# Closest Matching Chemical Fingerprint -what analysis?

1. Apr 16, 2014

### geetar_king

Correlation of data sets, chemical composition

I have roughly 80 test results from different samples, each result set is a list of concentrations of various chemical compounds and proteins obtained through gcms (gas chromatography mass spec)

There are over 50 of these compound concentrations for each of these data sets.

Of these test results, 5 are from samples that are known to originate from the same source.

From what I can see by looking at the variance between these samples is that some of the compounds show similar test concentration and others do not, likely because of degradation due to exposure to different conditions.

I am trying to determine which of the other 75 samples (not in the 5 known same-source set) most closely resembles the 5.

Can someone recommend a method to correlate or determine which has the best match?

Thanks

Last edited: Apr 16, 2014
2. Apr 17, 2014

### Stephen Tashi

To have a mathematical question, you have to be precise about what it means for one sample to resemble another.

On the one hand, you might have in mind that the 5 samples come from some, say, geographic location such as a freshwater swamp and you are wanting to know which of the other sample also come from freshwater swamps. In that case "resemble" means "come from similar geographic conditions". So you are asking how to infer a resemblance that is not explicitly part of the data itself.

On the other hand, you might not care whether a sample comes from. Perhaps you just want to treat each sample as a vector of numbers and ask which vectors are close to each other in an abstract 50-dimensional space. You could try a "fuzzy clustering" algorithm for that.

If you are trying to do statistical inference, you need an explicit model for how random variation enters your sample data. Statistical analysis requires a probability model. The "bare facts" of data do not provide enough information in themselves. It's tempting to say "I'm going to be purely objective, I won't make any assumptions." If you do that, you won't come to any statistical conclusions either.

3. Apr 17, 2014

### geetar_king

Thanks, I will look at fuzzy clustering.

I do not care really which samples come from a particular source. I also don't really know what compounds and proteins should remain unchanged in the sample over time or after exposure to different conditions, otherwise I would exclude some of the compounds.

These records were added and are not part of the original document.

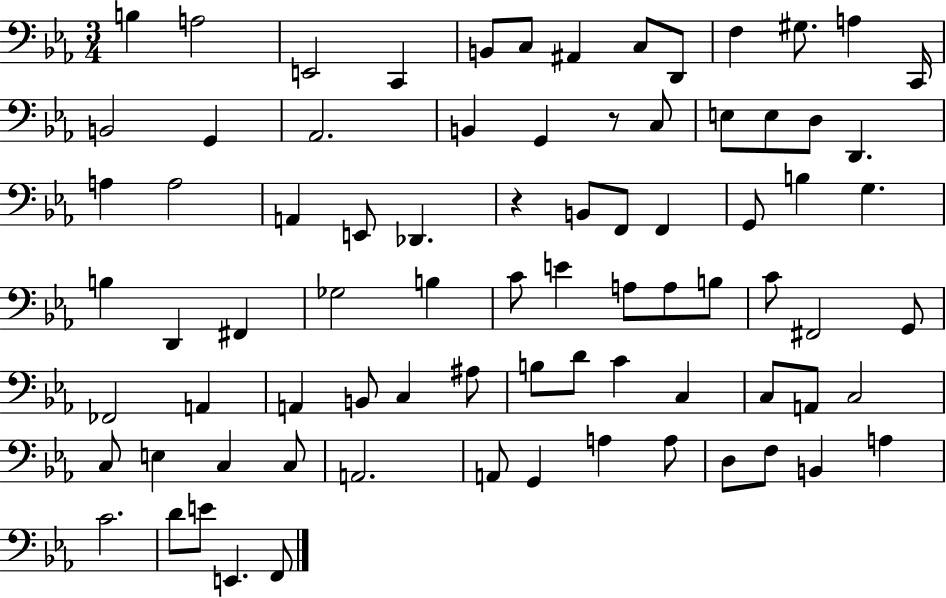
{
  \clef bass
  \numericTimeSignature
  \time 3/4
  \key ees \major
  \repeat volta 2 { b4 a2 | e,2 c,4 | b,8 c8 ais,4 c8 d,8 | f4 gis8. a4 c,16 | \break b,2 g,4 | aes,2. | b,4 g,4 r8 c8 | e8 e8 d8 d,4. | \break a4 a2 | a,4 e,8 des,4. | r4 b,8 f,8 f,4 | g,8 b4 g4. | \break b4 d,4 fis,4 | ges2 b4 | c'8 e'4 a8 a8 b8 | c'8 fis,2 g,8 | \break fes,2 a,4 | a,4 b,8 c4 ais8 | b8 d'8 c'4 c4 | c8 a,8 c2 | \break c8 e4 c4 c8 | a,2. | a,8 g,4 a4 a8 | d8 f8 b,4 a4 | \break c'2. | d'8 e'8 e,4. f,8 | } \bar "|."
}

I'll look at fuzzy clustering, otherwise, I'll try to determine which compounds are most similar in the 5 known samples, then look at that that set of concentrations in the other 75 samples.

4. Apr 17, 2014

### Stephen Tashi

Perhaps the idea of "Mahalanobis distance" would be useful. If you estimate the standard deviation of given type of concentration then it can be used to rescale the data before you use clustering. For example, for one type of measurement a difference of 5 ppm might be a "big" difference and for another type it might be a "small" difference. If can rescale the data so "big" and "small" have a common meaning for all types of concentration then clustering would work better.